Another detail missing from the incident report, the officer said, is his observation that it looked like Bland had been struck in the head.
“She had a large mark on her head. Maybe she fell when she was in handcuffs. Maybe she got kicked,” Kelley told HuffPost. She complained about head pain but didn’t cooperate with emergency medical workers, he said.
In all, Kelley said that officials whittled his two-page rough draft down to less than a page and entered it into the official record without his approval. He said he also wanted to testify before the grand jury investigating Bland’s arrest, but that Assistant District Attorney Warren Diepraam threatened him.
“He told me it wouldn’t be good for my career,” Kelley said. “Then I told him I was going to talk to Sandra Bland’s mother’s attorney, and he told me I was going to be beneath the jail.”
Kelley, a 33-year-old officer with the Prairie View Police Department since 2014, is an embattled figure himself. He was indicted for allegedly misusing a Taser on a black Prairie View city councilman, named Jonathan Miller, who didn’t comply with police orders in October last year.
Kelley’s claims are “ludicrous and slanderous,” said Diepraam, who stated that he never spoke with the officer about Bland.
“It’s a sickening attempt by a desperate individual to get out of responsibility for his own police misconduct,” said Diepraam. He added that prosecutors are investigating other alleged complaints about Kelley’s record as a cop.
Encinia was indicted for perjury for alleged false statements about the Bland arrest. The trooper was also fired.
Chip Lewis, Encinia’s lawyer, questioned why Kelley’s claims were only coming out now.
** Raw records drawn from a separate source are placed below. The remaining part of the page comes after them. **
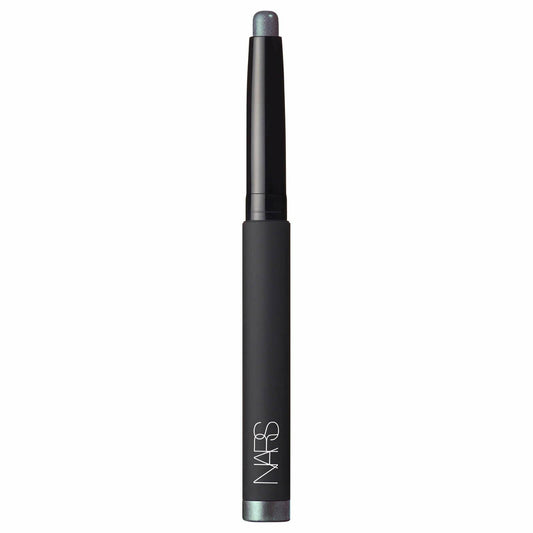 Velvet Shadow Stick- Frioul/0.05 oz. Frioul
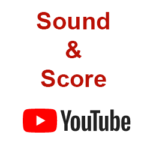 Sound & Score on YouTube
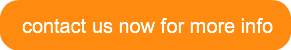 contact-us-now-for-more-info
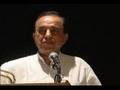 Dr. Swamy on Sonia Gandhi's education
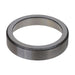 SKF Bearings SKF Bearings Wheel Bearings NP378971 Autofit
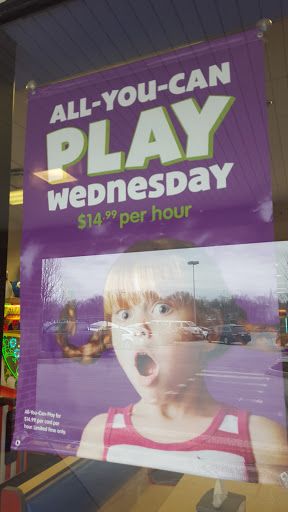 Variety Store «Five Below», reviews and photos, 199 Plain St, Lowell, MA 01852, USA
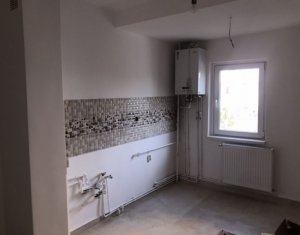 Lakás 3 szobák eladó on Cluj-napoca, Zóna Manastur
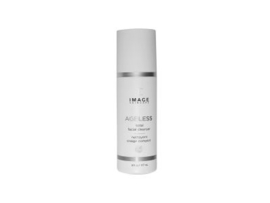 Ageless - Total Facial Cleanser (177ml)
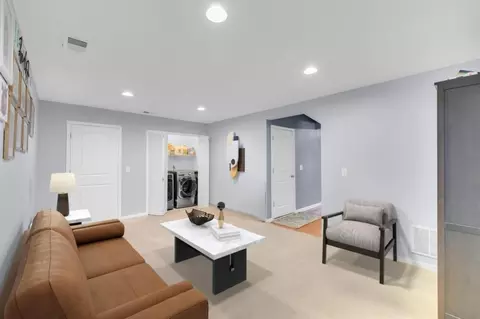 78 Indigo Rd, Hackettstown, NJ 07840 photo 4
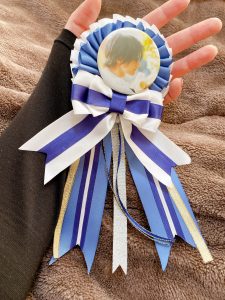 line_oa_chat_200306_104459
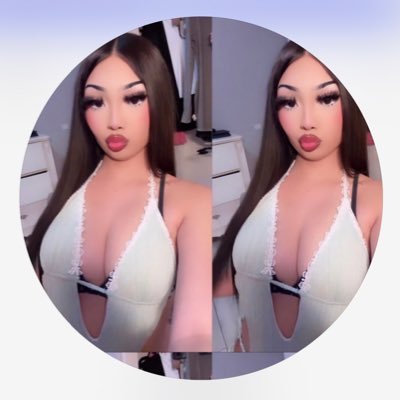 sexcyxbaby's profile picture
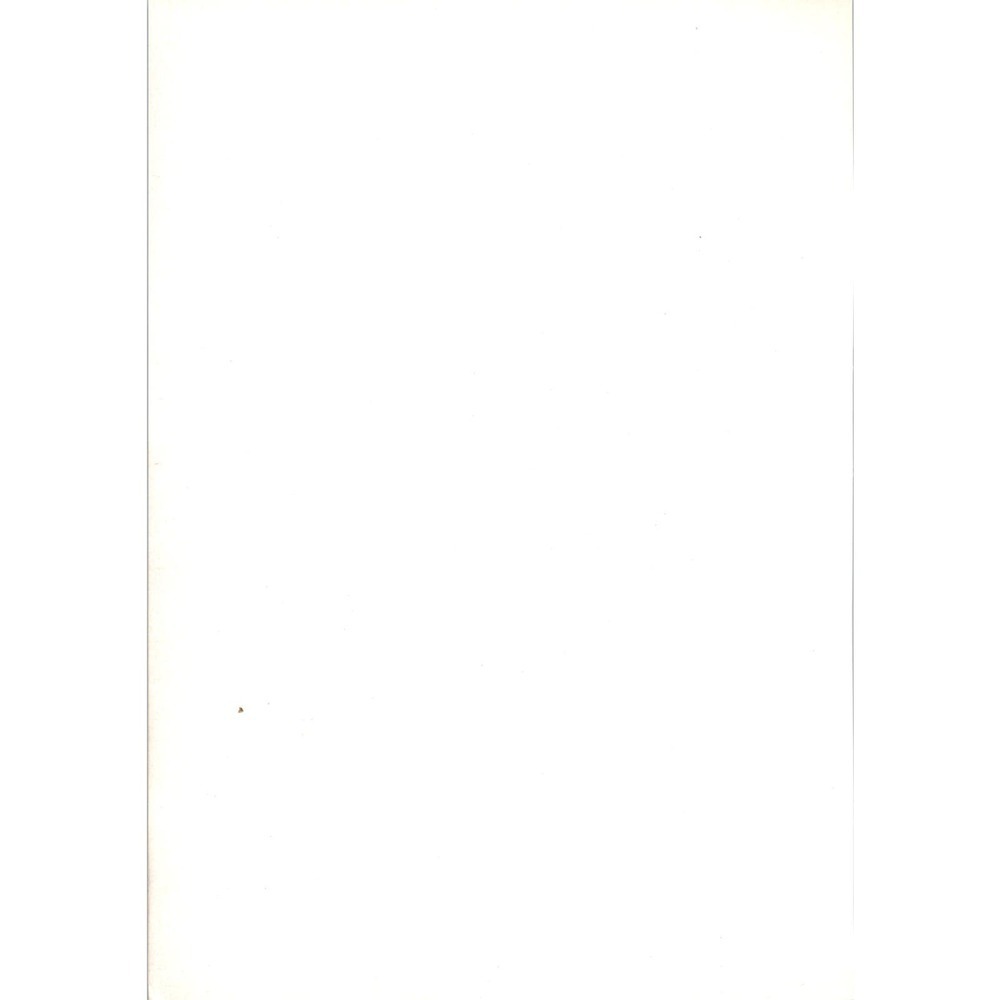 The Governess - Chardin c1905 Art Print D16 - Picture 2 of 2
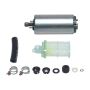 Denso 950-0147 Fuel Pump and Strainer Set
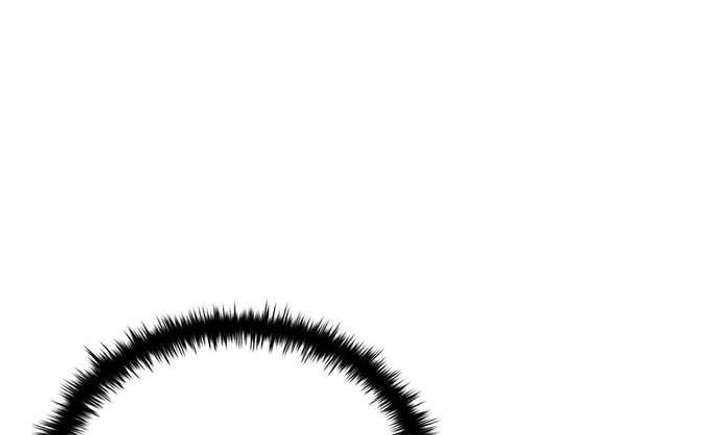 Part-Time Grim Reaper ตอนที่ 33 18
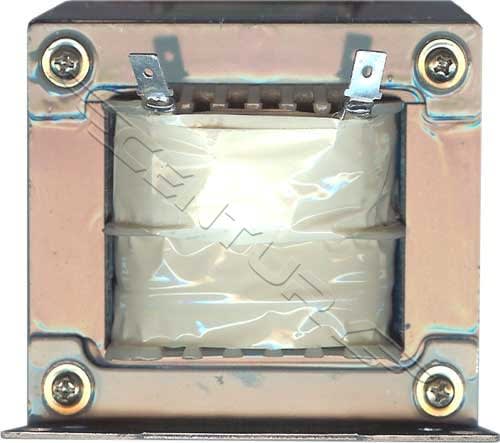 865-901-000 Charger Transformer 10 Amp 110 Volt
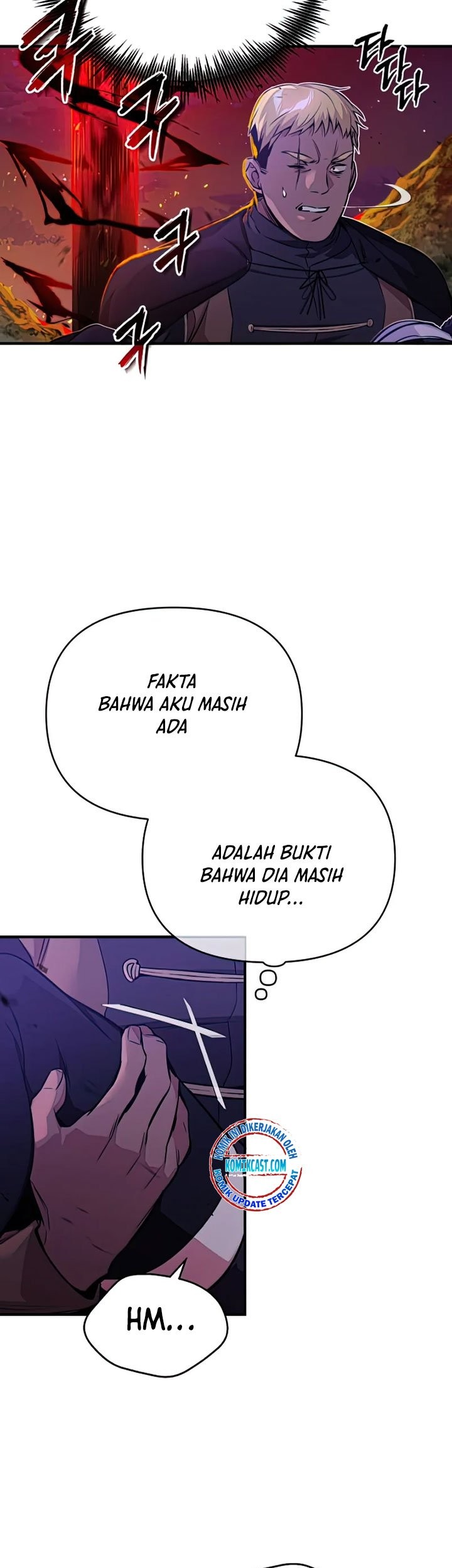 Chapter 51 - halaman 7
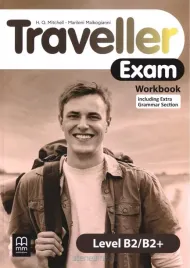traveller-exam-b2-b2-wb-h-q-mitchell-marileni-malkogianni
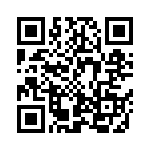 CSRF2512FTR100 QRCode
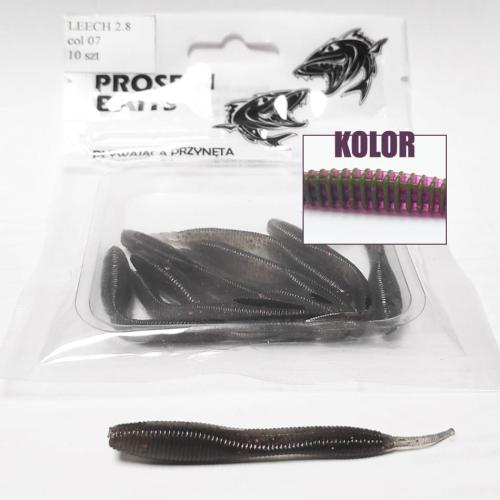 przynety-spinningowe-gumy-prospin-leech-28-14 kopia.jpg
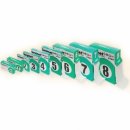 에이치앤메디 이미지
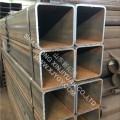 Mild Steel Square Pipe for Structural Frame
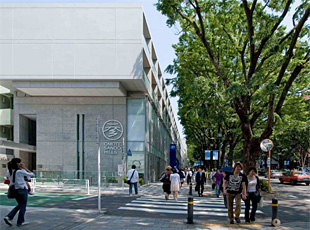 120120_2.jpg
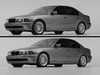 Doorbusters E39 Upgraded Monoball Thrust Arms With Performance Coilovers Purchase 000188la01dbKT View 4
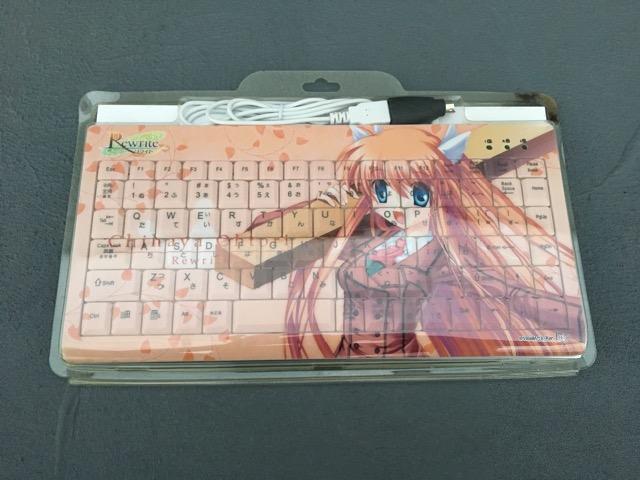 リライト パソコンキーボード < PC本体/周辺機器  リライト パソコンキーボード  < PC本体/周辺機器の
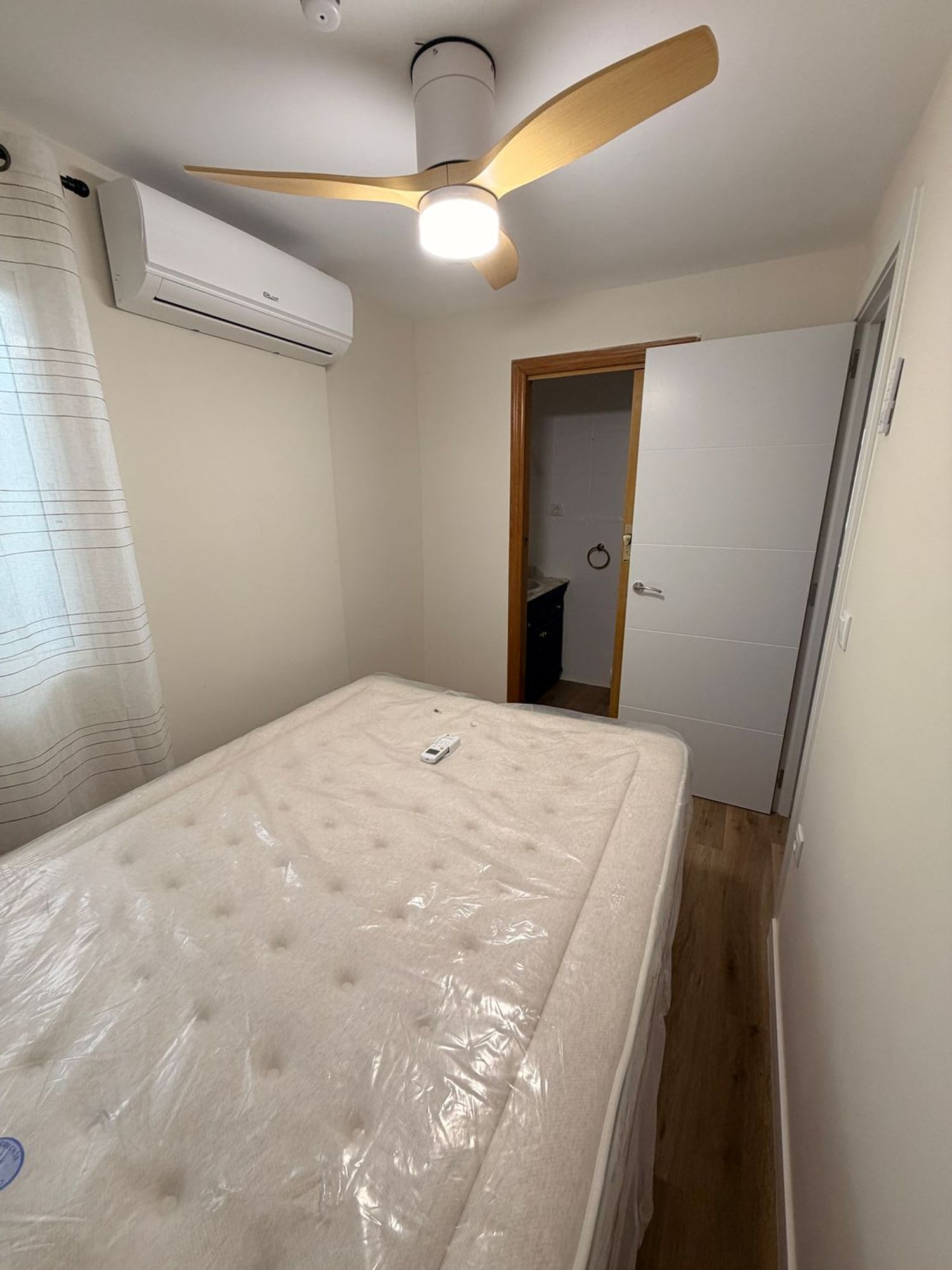 Piso en Avenida Benidorm, 12, Playa de San Juan - Foto 16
He argued that Kelley’s charge was undermined by another Prairie View officer who didn’t report hearing the trooper wonder how to charge Bland.
“I don’t think it’s worth the paper it’s written on,” said Lewis. “They’re completely contradicted by other eyewitnesses.”
Waller County District Attorney Elton Mathis also labeled Kelly’s charges against his office as “fictional accounts.”
“I unequivocally state that he never approached me, my first assistant, or any member of my staff with any such information. His job was never threatened by me or my staff, and I barely knew who he was before he was indicted,” Mathis said in a statement on Tuesday. “I can only imagine that this is an attempt to divert attention away from the crime committed against Councilman Miller and to cash in on the media attention and sad circumstances surrounding Ms. Bland’s death last year for which we all still mourn.”
Kelley claims his indictment was payback for speaking out about Bland.
The officer’s accusations were first made public Tuesday by local activist Dwayne Charleston, who revealed a recorded conversation in which Kelley had talked to him about Bland’s arrest. Charleston told HuffPost that recording was made in March.
HuffPost has reported previously about discrepancies in the records from Bland’s case, including claims that jail guards checked on her closer to the time of her death than the video outside her cell indicates.
This story has been updated with comment from Assistant District Attorney Warren Diepraam.